* **TASK**
Your answer should give again, exactly, the lines from the beginning of the entries below through the line containing "Load image into". It must contain no pictures.

* **EXTRACTED INFORMATION**
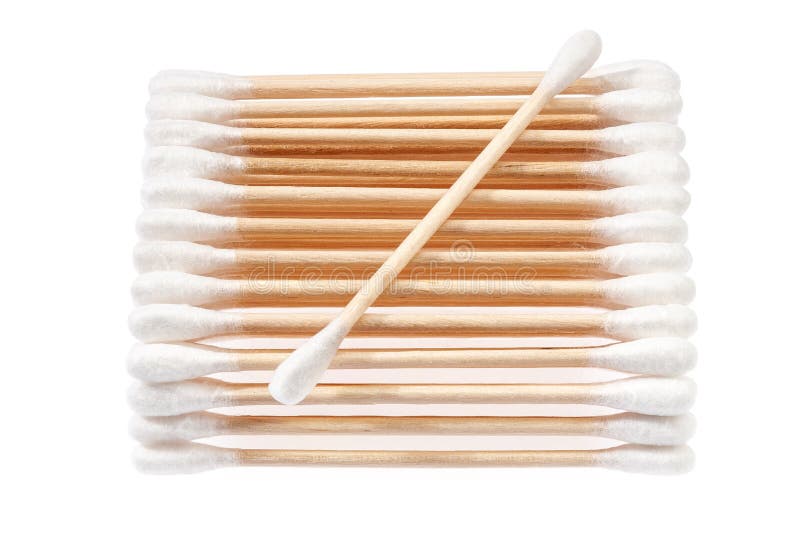 Ecofriendly Materials. Wooden, Cotton Swabs on a White Background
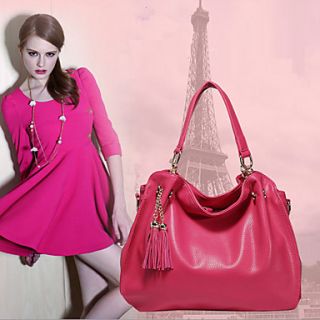 MIQIANLIN Womens Fashion Leather Crossbody Hobo Bag(Fuchsia)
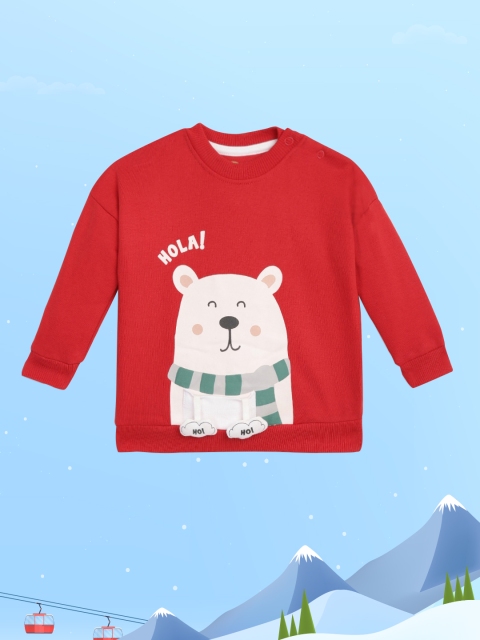 

YK Infant Boys Red Polar Bear Print Sweatshirt with Applique Detail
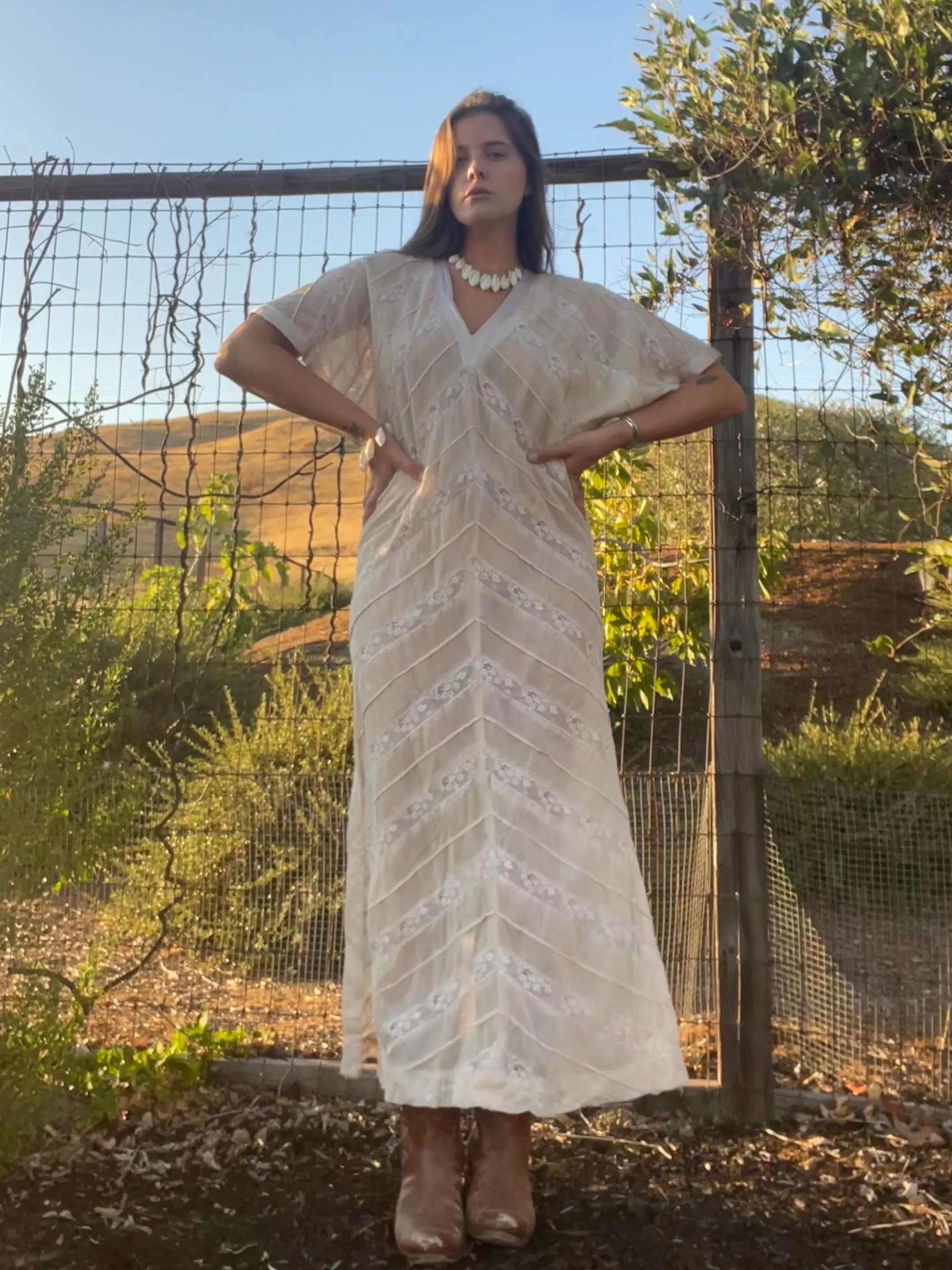 1920s/1930s Voile & Inset Lace Caftan Style Dress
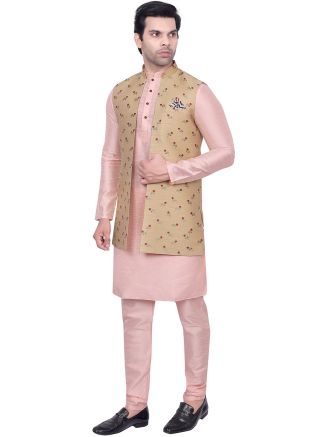 Pink Kurta Pajama With Woven Long Jacket
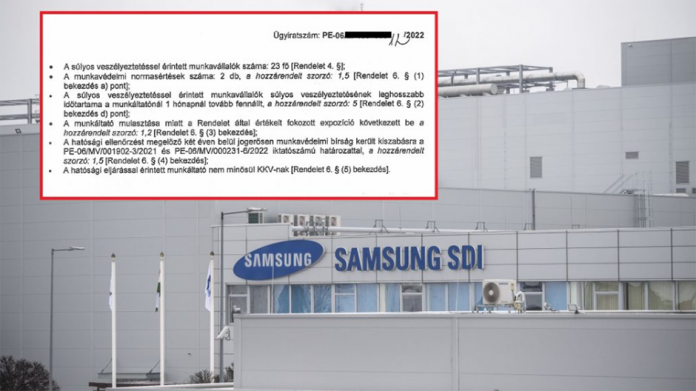 Fabrica de baterii Samsung din Göd Ungaria a fost amendata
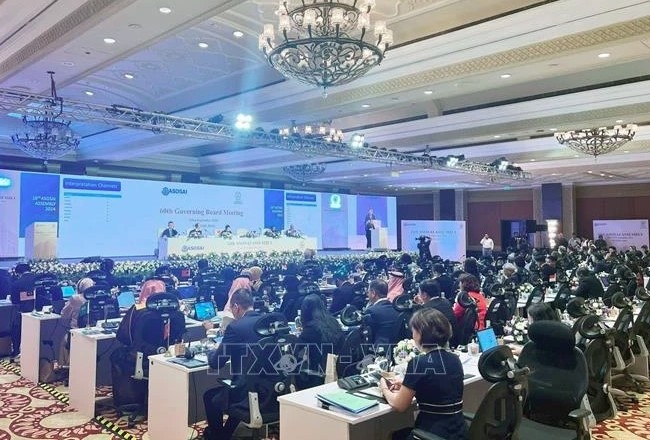 At the 60th meeting of the Asian Organisation of Supreme Audit Institutions (ASOSAI) Governing Board in the 2021-2024 in New Delhi, India on September 23. (Photo: VNA)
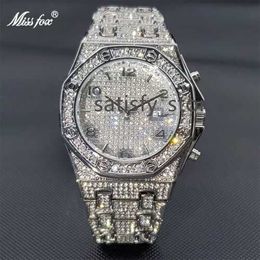 Hip Hop Luxury Custom Bling Fully Ice out Mens Watch Iced VVS Diamond Silver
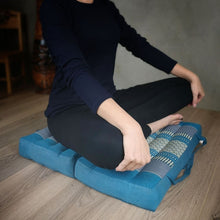 Load image into Gallery viewer, Thai kapok cushion Foldable Meditation Cushion + Seating Block Set RedEle.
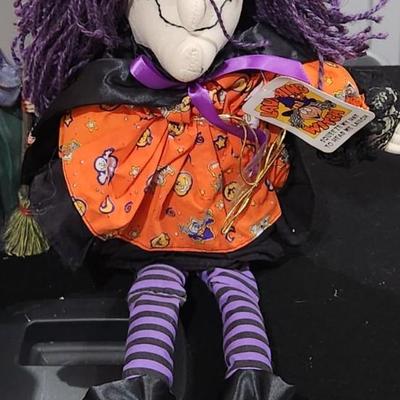 Sale Photo Thumbnail #250: Retro 12" Witch Couldron Animated Singing Monster Mash Working Vintage Peaktop & Plushie Lanky leg Witch plus Ceramic Old Witch Halloween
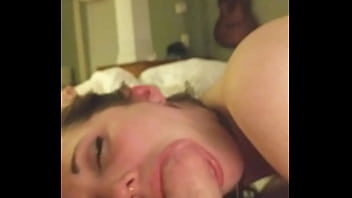Fucked Up Brunette Gives Sloppy Head.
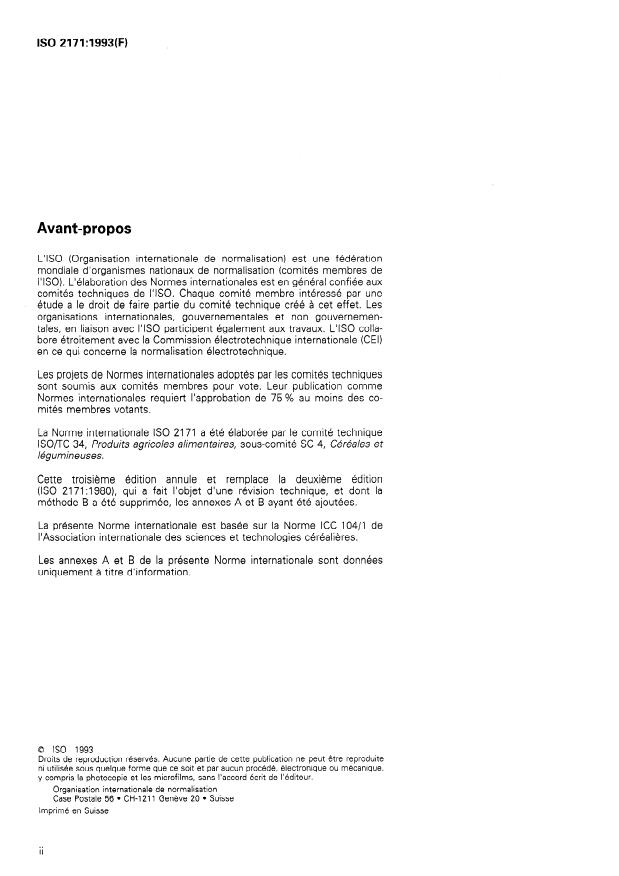 ISO 2171:1993 ISO 2171:1993 - Céréales et produits de mouture des céréales -- Dosage des cendres totales - Page 2 preview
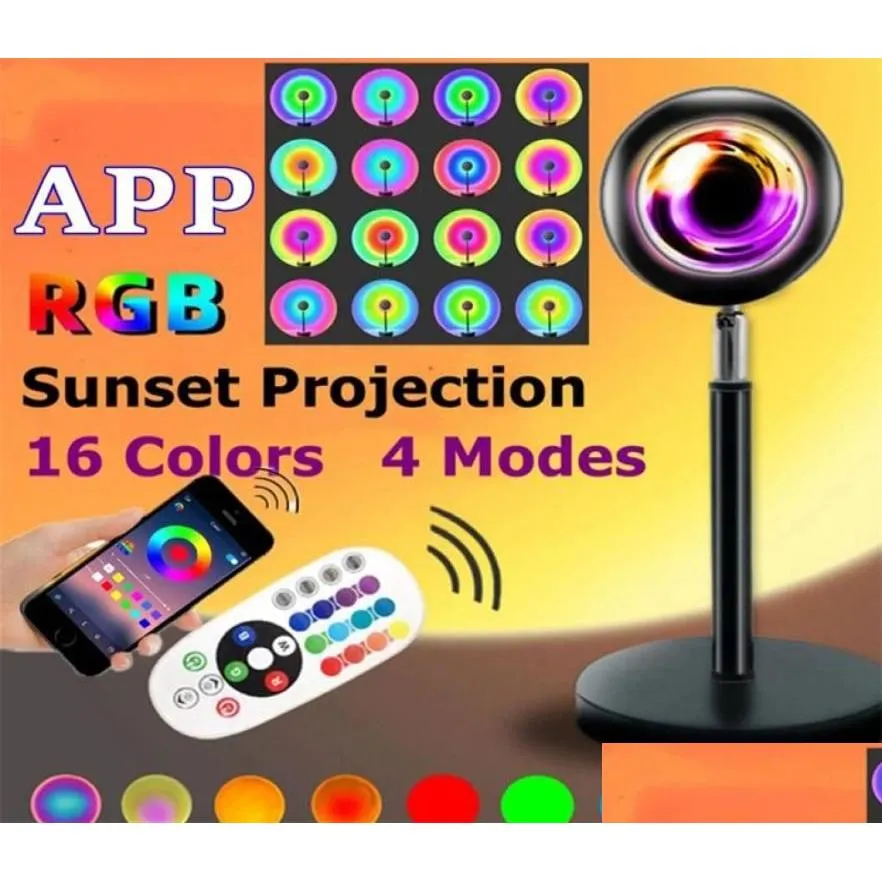 Light Lights 16 Colors Bluetooth Sunset Lamp Projector RGB LED LID TUYA SMART APP SMART التحكم عن بُعد الديكور غرفة نوم هدية 390 OTUPJ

* **SOLUTION TO THE PROBLEM**
 Ecofriendly Materials. Wooden, Cotton Swabs on a White Background
 MIQIANLIN Womens Fashion Leather Crossbody Hobo Bag(Fuchsia)

YK Infant Boys Red Polar Bear Print Sweatshirt with Applique Detail
 1920s/1930s Voile & Inset Lace Caftan Style Dress
 Pink Kurta Pajama With Woven Long Jacket
 Fabrica de baterii Samsung din Göd Ungaria a fost amendata
 At the 60th meeting of the Asian Organisation of Supreme Audit Institutions (ASOSAI) Governing Board in the 2021-2024 in New Delhi, India on September 23. (Photo: VNA)
 Hip Hop Luxury Custom Bling Fully Ice out Mens Watch Iced VVS Diamond Silver
 Load image into Gallery viewer, Thai kapok cushion Foldable Meditation Cushion + Seating Block Set RedEle.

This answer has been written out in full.